BIOGRAPHIE

Stephen Rolfe Powell


Stephen Rolfe Powell (geb. 1951 in Birmingham, AL, USA – 2019) sagte über sich selber, dass er ein Pyromane sei. Er liebe den Arbeitsprozess am Schmelzofen, seine Unmittelbarkeit und Intensität, die mit ihm verbundene körperliche Herausforderung: Das Stück zu machen, sei für ihn die größte Sensation am Ganzen. Bekannt geworden ist Powell mit den teils über einen Meter hohen, leuchtend farbigen Gefäßobjekten seiner „Teaser“-Serie, die er in der antiken Murrinetechnik fertigte. Mit seinen Assistenten zog er zunächst mehrfarbige Glasstäbe, die segmentiert und zu Mosaiken ausgelegt wurden. Bei den großen Arbeiten konnten das bis zu 3.000 Elemente sein. Mit einer heißen Glasblase sind sie aufgenommen. Powell ging dann auf ein Podest, ließ die Pfeife nach unten hängen und das Glas sich bis zum Boden ziehen. So entstand ein langer, schlanker Hals. Am Boden befand sich eine vorgewärmte Metallplatte mit zwei oder mehr angeschweißten Metallstäben, zwischen denen er das Gefäß ausbließ und so in mehrere Bereiche weicher, sinnlicher Formen strukturierte.
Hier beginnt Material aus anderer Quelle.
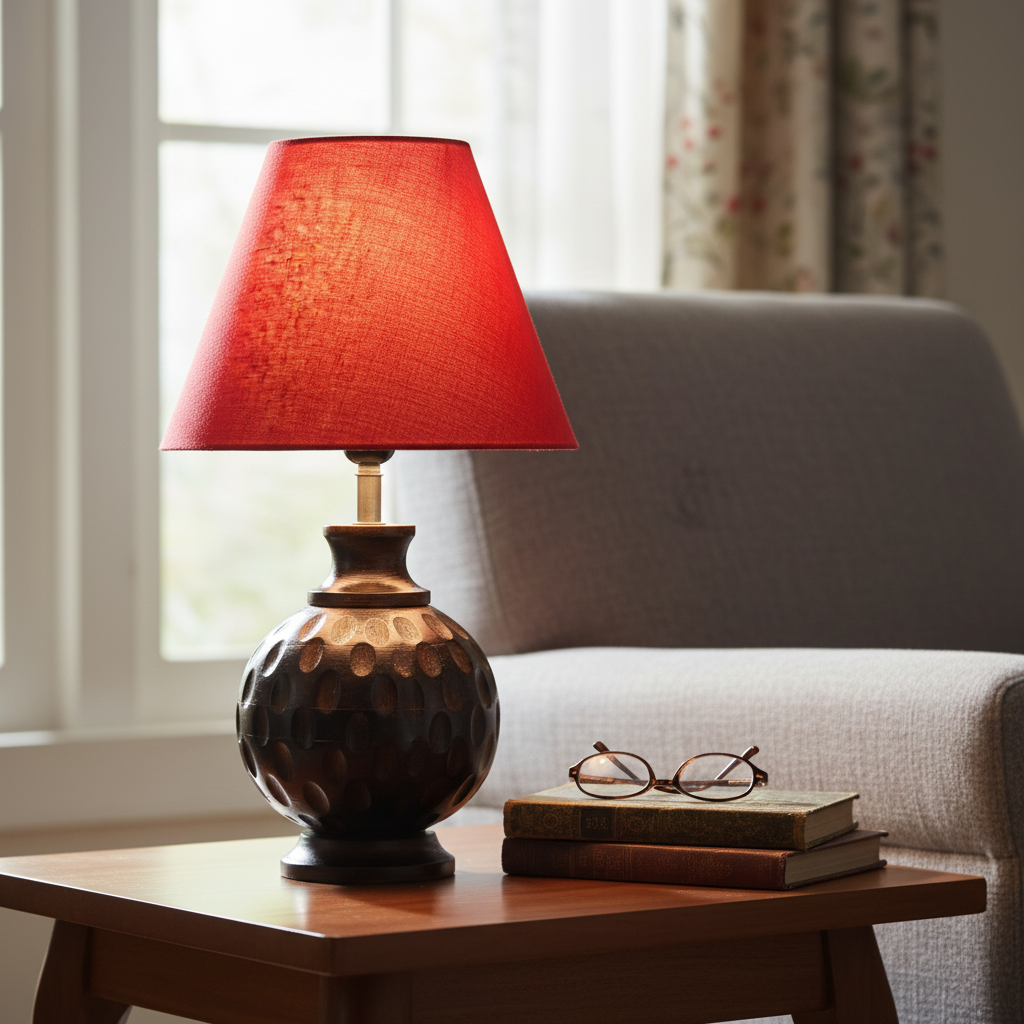 Rustic Wooden Bedside Table Lamp with Linen Shade – Traditional Night Lamp for Home Décor, Pack Of 1(Red) - Image 2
Die Titel sind meist dreiteilig und auf den ersten Blick etwas kurios: Ein Bestandteil ist ein weit verbreiteter Name wie „Smith“, „Jones“ oder „Johnson“. Mit den anderen Wörtern wird diese vorgebliche Person beschrieben, oft mit erotisch aufgeladenen Begriffen wie „cleavage“, „cheeks“, „buns“, „sigh“ oder „gasp“. So können die Gefäßobjekte als weibliche Torsi gedeutet werden.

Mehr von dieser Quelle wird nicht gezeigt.